Dem Moment der vollkommen einem selbst gehört und den nichts hinterfragbar macht. Ich jage diesem Moment mein ganzes Leben hinterher und es mag passiert sein das ich ihn erlebt habe. Ein Gefühl von absoluter Freiheit, ein Gefühl von unbeschreiblicher Ruhe im Geiste. Das Gefühl genau hier und jetzt einen Sinn zu haben, nur um das zu erleben was man gerade erlebt. In einer Welt aus Tausenden von Eindrücken und Verführungen zu wissen wer man ist, ist das größte Geschenk im Leben. Wenn du weist wer du bist, weist du auch wo du hingehörst.

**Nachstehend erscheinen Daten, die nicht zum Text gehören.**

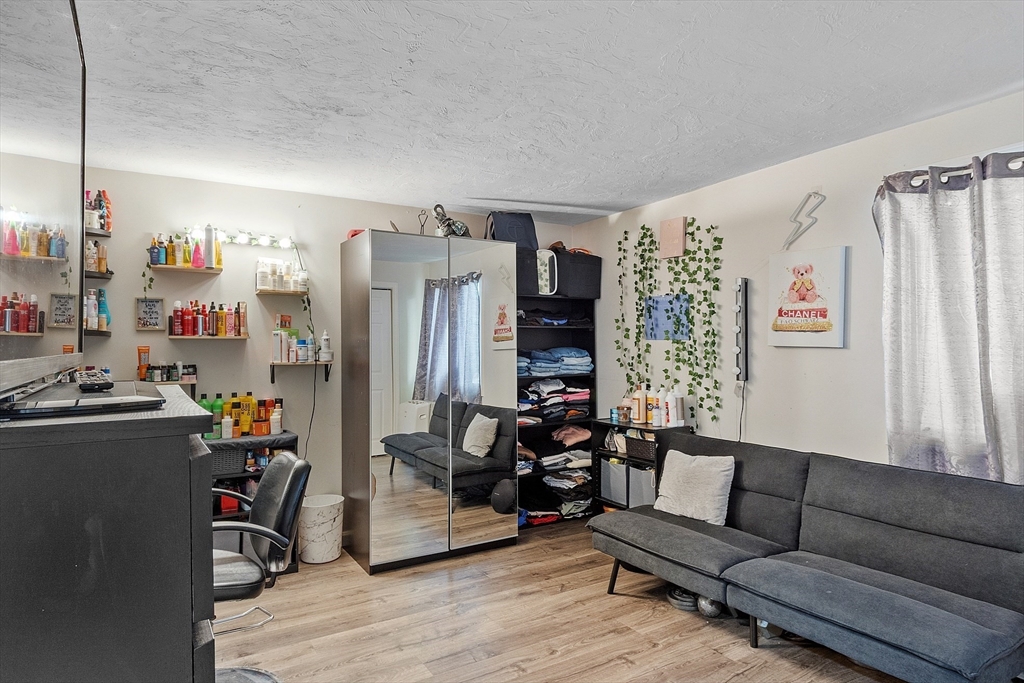 10 Dryden Street, Unit 7 Worcester, MA 01605 - Photo 12 of 24 a living room with furniture and a large window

Doch die Jagd zehrt. Sie verkommt zum Exzess und einem Kampf den man nie zu gewinnen scheint. Ist der Moment nämlich vorbei verflucht man ihn, da er einen verlassen hat und wieder alles nur von derselben Gleichgültigkeit zerfressen scheint, welche ständig wie ein Raubtier darauf wartet einen zu überfallen. Man jagt weiter, schneller mit mehr Intensität und akzeptiert jede Freud und Qual auf die gleiche Weise, nur um etwas näher an die Lösung zu kommen.
Während ich zurück in die Wohnung schlendere gehe ich all dies noch einmal durch. Ich will meinem Geist die Ruhe geben die er verlangt, denn auch wenn alles gleichgültig ist, so spüre ich doch die Einsamkeit die mir mein Denken schafft. Ich glaube es gibt nicht viele die so denken wie ich und mehr und mehr spüre ich, dass man meine Welt nicht zu teilen vermag. Eine begleitende Seele wäre schön. Jemand der dasselbe sucht wie ich und mit dem man im perfekten Moment verschmelzen kann. Etwas teilen kann das so wundervoll ist das nichts hinterfragt werden muss. Die perfekte Harmonie! Ich stehe bereits in der Küche als mir klar wird das ich nun mir wieder eine neue Taktik angeeignet habe. Ich muss nicht nur mich selber finden. Ich muss mich selbst in einem anderen finden. Ich kann diese Suche nicht allein gewinnen, denn über kurz oder lang wird meine Kraft versagen und nichts wird bleiben. Nicht mal die Gleichgültigkeit.
Wo bist du? Ich finde dich, denn ich weiß wir brauchen uns. Mehr als alles auf der Welt. Ich reinige das Bad, kehre die Splitter meines Spiegels zusammen und muss lachen. Wie oft werde ich selber mein Ebenbild noch brechen, bis mir eines begegnet das ich als mein eigenes ansehe?